What do we make of an economy in which a handful of bubblicious urban areas are magnets for jobs and capital while rural communities have been hollowed out? The short answer is that this progression of urbanization has been one of the core dynamics of civilization for thousands of years: opportunities are greater in cities, and so people move from rural areas with few opportunities to cities with greater opportunities.
But that’s not the only dynamic hollowing out America’s rural communities: globalization plays a key role, too. Rural economies can rarely muster economies of scale that enable globally competitive enterprises. Rural communities generally lack the capital, expertise, global supply chains and cheap transportation costs that are the building blocks of successful global production and distribution.

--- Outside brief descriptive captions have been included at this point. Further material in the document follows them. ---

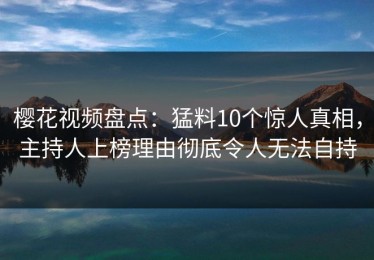 樱花视频盘点：猛料10个惊人真相，主持人上榜理由彻底令人无法自持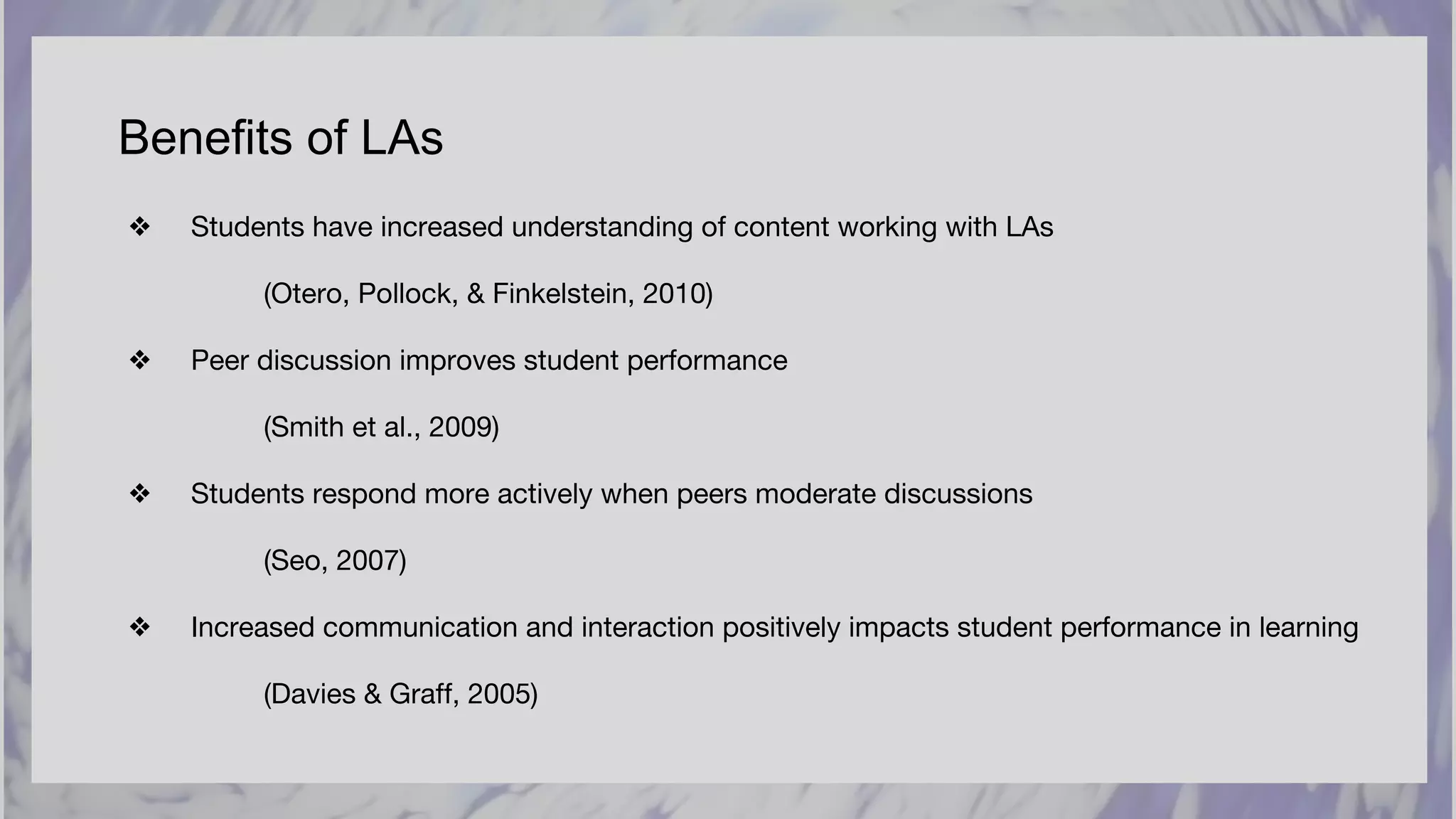 Benefits of LAs
❖ Students have increased understanding of content working with LAs
(Otero, Pollock, & Finkelstein, 2010)
❖ Peer discussion improves student performance
(Smith et al., 2009)
❖ Students respond more actively when peers moderate discussions
(Seo, 2007)
❖ Increased communication and interaction positively impacts student performance in learning
(Davies & Graff, 2005)
 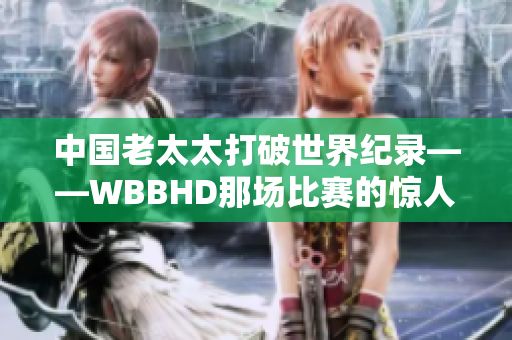 中國老太太打破世界紀錄——WBBHD那場比賽的驚人表現(xiàn)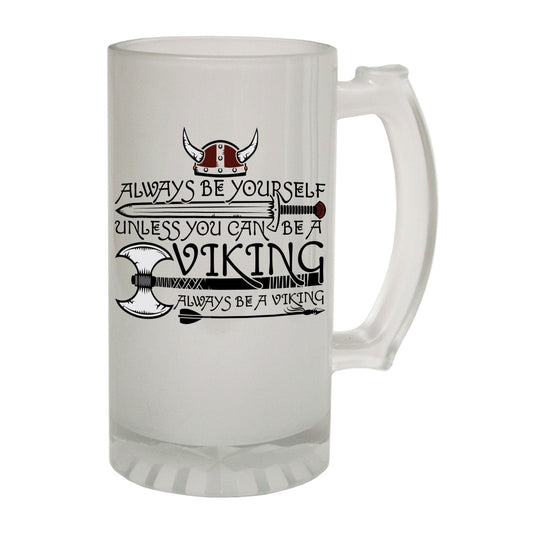 Always Be Yourself Viking - Novelty Funny Frosted Stein - Gift Boxed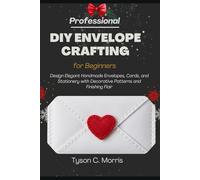 PROFESSIONAL DIY ENVELOPE CRAFTING FOR BEGINNERS: Design Elegant Handmade Envelopes, Cards, and Stationery with Decorative Patterns and Finishing Flair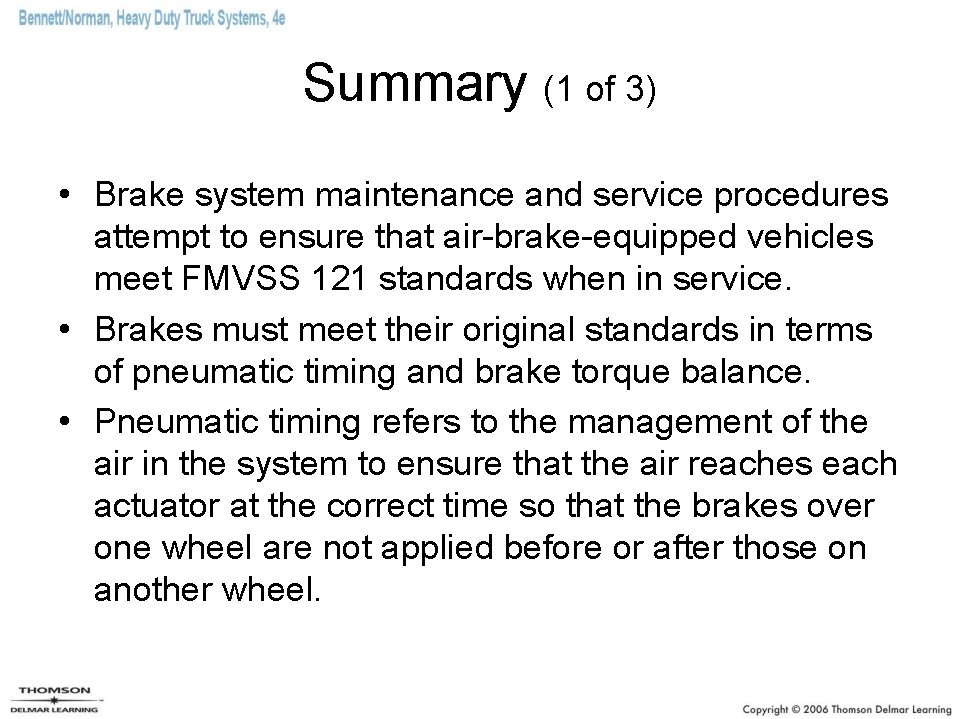 Summary (1 of 3) • Brake system maintenance and service procedures attempt to ensure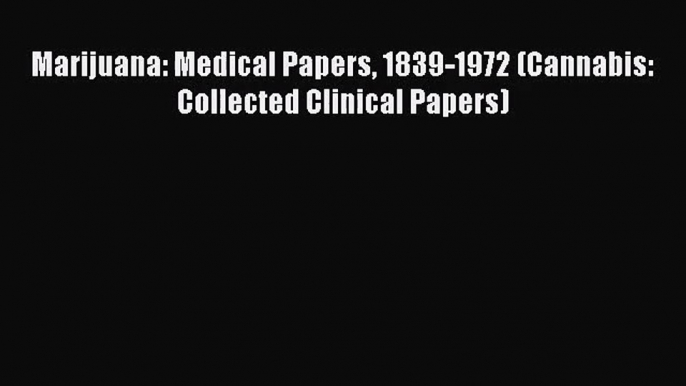 [PDF Download] Marijuana: Medical Papers 1839-1972 (Cannabis: Collected Clinical Papers) [Download]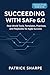 Succeeding with SAFe 6.0: R...
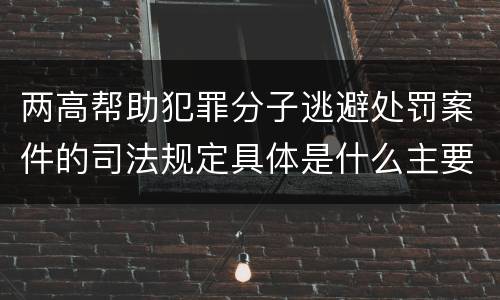 两高帮助犯罪分子逃避处罚案件的司法规定具体是什么主要内容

In a global economy characterized by over-capacity, over-production and mobile capital, localized rural economies can’t compete with the low cost of commoditized products distributed by finely tuned global supply chains and cheap transportation.
Pre-globalization and cheap transport, local bakeries imported bulk flour and baked bread that was lower in cost than loaves shipped in from afar. The local bakeries held the competitive price advantage, and so local bakeries could pay local labor and local taxes that then supported the rest of the local economy.
But in today’s economy, commoditized bread can be delivered rural communities at prices local bakeries cannot match.
The same holds true for virtually all globally tradable goods– foods, clothing, etc. The only economic sectors with a toehold in rural communities are corporate farms, the occasional small specialty corporate factory making non-commoditized components and non-tradable services such as hair salons, motels, thrift shops, cafes, etc.
Proponents of globalization claim the few hundred dollars in annual household savings generated by shipping in commoditized goods are so beneficial nothing else matters. But if the cost of these paltry, essentially meaningless savings is the destruction of the local economy except for a handful of global corporate outposts and jumble shops, was this trade-off a good deal for rural communities?